(Collected data)
************

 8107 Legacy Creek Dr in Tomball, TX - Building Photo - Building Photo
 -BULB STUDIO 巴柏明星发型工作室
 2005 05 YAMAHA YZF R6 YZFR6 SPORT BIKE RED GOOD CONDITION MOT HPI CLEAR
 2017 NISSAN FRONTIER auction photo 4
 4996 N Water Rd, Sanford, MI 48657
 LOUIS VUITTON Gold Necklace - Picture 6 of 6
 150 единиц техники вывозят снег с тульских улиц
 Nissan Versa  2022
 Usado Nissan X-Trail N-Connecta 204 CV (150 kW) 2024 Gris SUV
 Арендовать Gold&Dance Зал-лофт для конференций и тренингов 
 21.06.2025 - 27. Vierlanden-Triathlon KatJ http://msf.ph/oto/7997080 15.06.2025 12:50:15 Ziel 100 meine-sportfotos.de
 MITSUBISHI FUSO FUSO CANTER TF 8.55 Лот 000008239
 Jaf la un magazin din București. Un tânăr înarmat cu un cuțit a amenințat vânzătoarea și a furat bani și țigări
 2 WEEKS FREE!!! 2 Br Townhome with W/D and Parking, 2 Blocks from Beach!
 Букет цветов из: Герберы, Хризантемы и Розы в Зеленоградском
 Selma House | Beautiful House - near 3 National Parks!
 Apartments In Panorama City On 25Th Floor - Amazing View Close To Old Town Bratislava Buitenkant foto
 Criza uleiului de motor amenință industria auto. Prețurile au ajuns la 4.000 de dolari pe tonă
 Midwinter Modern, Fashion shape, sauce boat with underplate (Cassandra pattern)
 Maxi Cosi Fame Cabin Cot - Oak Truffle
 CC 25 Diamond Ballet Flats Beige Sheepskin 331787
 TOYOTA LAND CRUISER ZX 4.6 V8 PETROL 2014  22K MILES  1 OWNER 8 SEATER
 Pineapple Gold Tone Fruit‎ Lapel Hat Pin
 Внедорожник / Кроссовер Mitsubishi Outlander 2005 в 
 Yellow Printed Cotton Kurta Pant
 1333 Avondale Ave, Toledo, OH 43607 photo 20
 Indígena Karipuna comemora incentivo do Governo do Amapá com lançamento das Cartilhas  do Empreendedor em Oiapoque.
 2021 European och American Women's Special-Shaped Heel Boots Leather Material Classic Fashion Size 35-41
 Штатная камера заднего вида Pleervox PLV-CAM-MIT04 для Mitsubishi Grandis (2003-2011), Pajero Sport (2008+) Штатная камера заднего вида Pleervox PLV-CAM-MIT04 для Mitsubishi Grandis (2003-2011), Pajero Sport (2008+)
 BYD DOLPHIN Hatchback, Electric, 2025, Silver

************

Make an exact copy of all the lines above.

__Answer for the task__:
 8107 Legacy Creek Dr in Tomball, TX - Building Photo - Building Photo
 -BULB STUDIO 巴柏明星发型工作室
 2005 05 YAMAHA YZF R6 YZFR6 SPORT BIKE RED GOOD CONDITION MOT HPI CLEAR
 2017 NISSAN FRONTIER auction photo 4
 4996 N Water Rd, Sanford, MI 48657
 LOUIS VUITTON Gold Necklace - Picture 6 of 6
 150 единиц техники вывозят снег с тульских улиц
 Nissan Versa  2022
 Usado Nissan X-Trail N-Connecta 204 CV (150 kW) 2024 Gris SUV
 Арендовать Gold&Dance Зал-лофт для конференций и тренингов 
 21.06.2025 - 27. Vierlanden-Triathlon KatJ http://msf.ph/oto/7997080 15.06.2025 12:50:15 Ziel 100 meine-sportfotos.de
 MITSUBISHI FUSO FUSO CANTER TF 8.55 Лот 000008239
 Jaf la un magazin din București. Un tânăr înarmat cu un cuțit a amenințat vânzătoarea și a furat bani și țigări
 2 WEEKS FREE!!! 2 Br Townhome with W/D and Parking, 2 Blocks from Beach!
 Букет цветов из: Герберы, Хризантемы и Розы в Зеленоградском
 Selma House | Beautiful House - near 3 National Parks!
 Apartments In Panorama City On 25Th Floor - Amazing View Close To Old Town Bratislava Buitenkant foto
 Criza uleiului de motor amenință industria auto. Prețurile au ajuns la 4.000 de dolari pe tonă
 Midwinter Modern, Fashion shape, sauce boat with underplate (Cassandra pattern)
 Maxi Cosi Fame Cabin Cot - Oak Truffle
 CC 25 Diamond Ballet Flats Beige Sheepskin 331787
 TOYOTA LAND CRUISER ZX 4.6 V8 PETROL 2014  22K MILES  1 OWNER 8 SEATER
 Pineapple Gold Tone Fruit‎ Lapel Hat Pin
 Внедорожник / Кроссовер Mitsubishi Outlander 2005 в 
 Yellow Printed Cotton Kurta Pant
 1333 Avondale Ave, Toledo, OH 43607 photo 20
 Indígena Karipuna comemora incentivo do Governo do Amapá com lançamento das Cartilhas  do Empreendedor em Oiapoque.
 2021 European och American Women's Special-Shaped Heel Boots Leather Material Classic Fashion Size 35-41
 Штатная камера заднего вида Pleervox PLV-CAM-MIT04 для Mitsubishi Grandis (2003-2011), Pajero Sport (2008+) Штатная камера заднего вида Pleervox PLV-CAM-MIT04 для Mitsubishi Grandis (2003-2011), Pajero Sport (2008+)
 BYD DOLPHIN Hatchback, Electric, 2025, Silver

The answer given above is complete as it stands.